Deduplication method—the method for separating duplicate files during discovery. During deduplication, the system compares documents based on certain characteristics and keeps just one instance of an item when two or more copies exist. The system performs deduplication against published files only. Deduplication doesn't occur during inventory or discovery. Deduplication only applies to parent files; it doesn't apply to children. If a parent is published, all of its children are also published. Select from the following options. For details on how these settings work, see Deduplication considerations:
Don't change the deduplication method in the middle of running a processing set, as doing so could result in blank DeDuped Custodians or DeDuped paths fields after publish, when those fields would otherwise display deduplication information.
- None—no deduplication occurs.
  - Even when you select None as the deduplication method, Relativity identifies duplicates by storing one copy of the native document on the file repository and using metadata markers for all duplicates of that document.
  - Relativity doesn't repopulate duplicate documents if you change the deduplication method from None after processing is complete. Changing the deduplication method only affects subsequent processing sets. This means that if you select global deduplication for your processing settings, you can't then tell Relativity to include all duplicates when you go to run a production.
- Global—arranges for documents from each processing data source to be de-duplicated against all documents in all other data sources in your workspace. Selecting this makes the Propagate deduplication data field below visible and required.
  If you select Global, there should be no exact e-mail duplicates in the workspace after you publish. The only exception is a scenario in which two different e-mail systems are involved, and the e-mails are different enough that the processing engine can't exactly match them. In the rare case that this happens, you may see email duplicates in the workspace.
- Custodial—arranges for documents from each processing data source to be de-duplicated against only documents in data sources owned by that custodian. Selecting this makes the Propagate deduplication data field below visible and required.
  Deduplication is run on custodian ID's; there's no consequence to changing a custodian's name after their files have already been published.
Propagate deduplication data—applies the deduplication fields you mapped out of deduped custodians, deduped paths, all custodians, and all paths field data to children documents, which allows you to meet production specifications and perform searches on those fields without having to include family or overlay those fields manually. This field is only available if you selected Global or Custodial for the deduplication method above. You have the following options:
- Select Yes to have the metadata fields you mapped populated for parent and children documents out of the following: All Custodians, Deduped Custodians, All Paths/Locations, Deduped Paths, and Dedupe Count.
- Select No to have the following metadata fields populated for parent documents only: All Custodians, Deduped Custodians, All Paths/Locations, and Deduped Paths.
- If you republish a processing set that originally contained a password-protected error without first resolving that error, then the deduplication data won’t be propagated correctly to the children of the document that received the error.
- In certain cases, the Propagate deduplication data setting can override the extract children setting on your profile. For example, you have two processing sets that both contain an email message with an attachment of a Word document, Processing Set 1 and 2. You publish Processing Set 1 with the Extract children field set to Yes, which means that the Word attachment is published. You then publish Processing Set 2 with the Extract children field set to No but with the Deduplication method field set to Global and the Propagate deduplication date field set to Yes. When you do this, given that the emails are duplicates, the deduplication data is propagated to the Word attachment published in Processing Set 1, even though you didn’t extract it in Processing Set 2.

Publish settings

The Publish Settings category of the profile layout provides the following fields.
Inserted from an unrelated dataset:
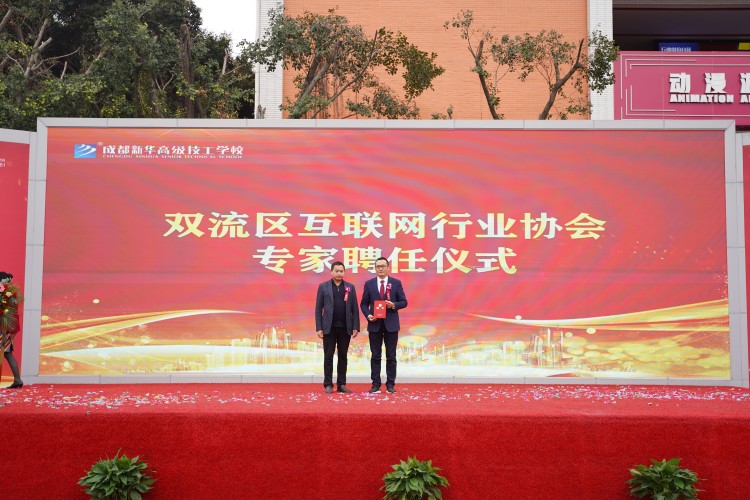 青春心向黨！與新華新生團員一起見證這場授牌、揭牌儀式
Auto-publish set—arranges for the processing engine to automatically kick off publish after the completion of discovery, with or without errors. By default, this is set to No. Leaving this at No means that you must manually start publish.

Default destination folder—the folder in Relativity into which documents are placed once they're published to the workspace. This value determines the default value of the destination folder field on the processing data source. You have the option of overriding this value when you add or edit a data source on the processing set. Publish jobs read the destination folder field on the data source, not on the profile. You can select an existing folder or create a new one by right-clicking the base folder and selecting Create.
- If the source path you selected is an individual file or a container, such as a zip, then the folder tree does not include the folder name that contains the individual file or container.
- If the source path you selected is a folder, then the folder tree includes the name of the folder you selected.
Do you want to use source folder structure—maintain the folder structure of the source of the files you process when you bring these files into Relativity.
If you select Yes for Use source folder structure, subfolders matching the source folder structure are created under this folder. See the following examples:

Example 1 (recommended)
- Select Source for files to process: \\server.ourcompany.com\Fileshare\Processing Data\Jones, Bob\
- Select Destination folder for published files: Processing Workspace \ Custodians \

Results: A subfolder named Jones, Bob is created under the Processing Workspace \ Custodians \ destination folder, resulting in the following folder structure in Relativity: Processing Workspace \ Custodians \ Jones, Bob \

Example 2 (not recommended)
- Select Source for files to process: \\server.ourcompany.com\Fileshare\Processing Data\Jones, Bob\
- Select Destination folder for published files: Processing Workspace \ Custodians \ Jones, Bob \

Results: A sub-folder named Jones, Bob is created under the Processing Workspace \ Custodians \ Jones, Bob \ destination folder, resulting in the following folder structure in Relativity: Processing Workspace \ Custodians \ Jones, Bob \ Jones, Bob \. Any folder structure in the original source data is retained underneath.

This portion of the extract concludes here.